## Brief descriptive captions
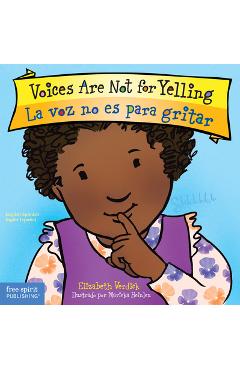Voices Are Not for Yelling / La Voz No Es Para Gritar - Elizabeth Verdick
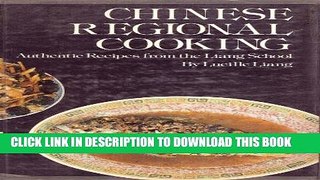 [New] Ebook Chinese Regional Cooking: Authentic Recipes from the Liang School Free Read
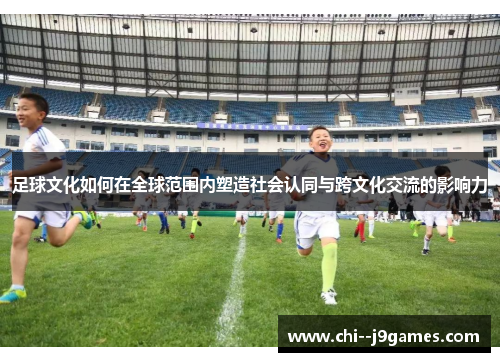 足球文化如何在全球范围内塑造社会认同与跨文化交流的影响力
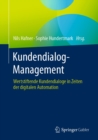 Kundendialog-Management : Wertstiftende Kundendialoge in Zeiten der digitalen Automation - eBook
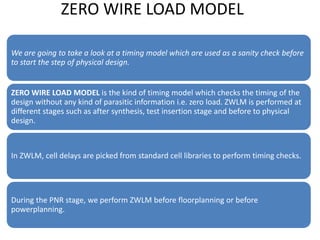 ZERO WIRE LOAD MODEL
We are going to take a look at a timing model which are used as a sanity check before
to start the step of physical design.
ZERO WIRE LOAD MODEL is the kind of timing model which checks the timing of the
design without any kind of parasitic information i.e. zero load. ZWLM is performed at
different stages such as after synthesis, test insertion stage and before to physical
design.
In ZWLM, cell delays are picked from standard cell libraries to perform timing checks.
During the PNR stage, we perform ZWLM before floorplanning or before
powerplanning.
 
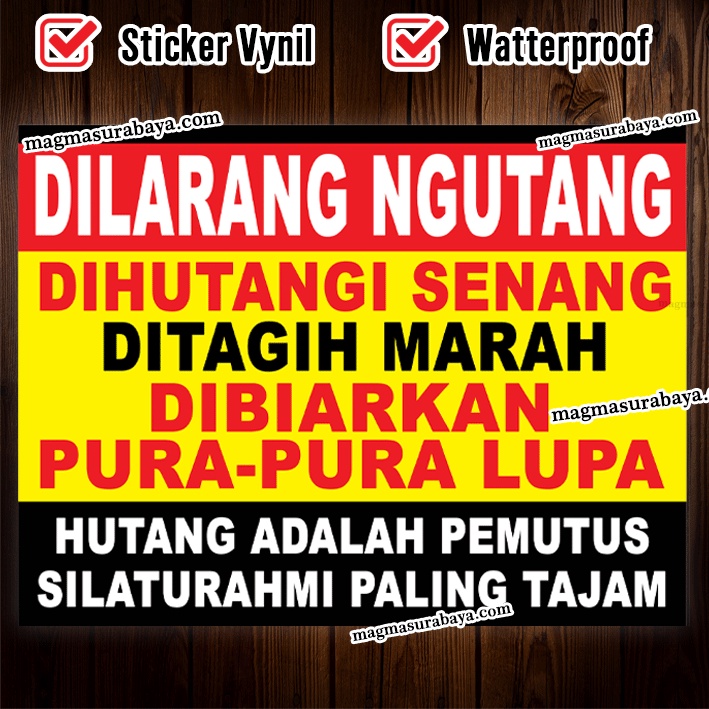 Jual Stiker Dilarang Ngutang Dilarang Hutang Nggak Boleh Ngutang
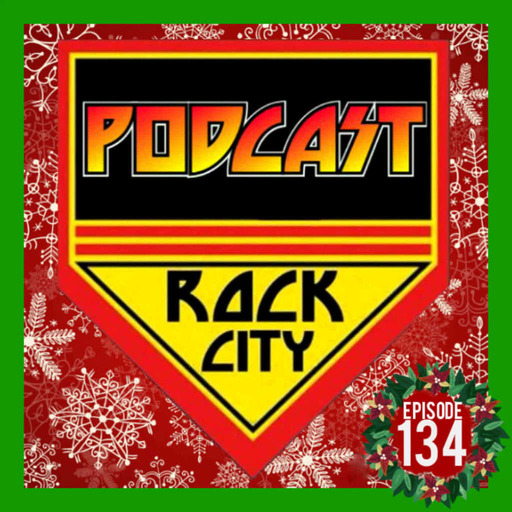 PODCAST ROCK CITY -Episode 134- Merry KISSmas!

## WHAT YOU NEED TO DO
If a line in the data holds the string "before", copy that line.

## YOUR SOLUTION
We are going to take a look at a timing model which are used as a sanity check before
different stages such as after synthesis, test insertion stage and before to physical
During the PNR stage, we perform ZWLM before floorplanning or before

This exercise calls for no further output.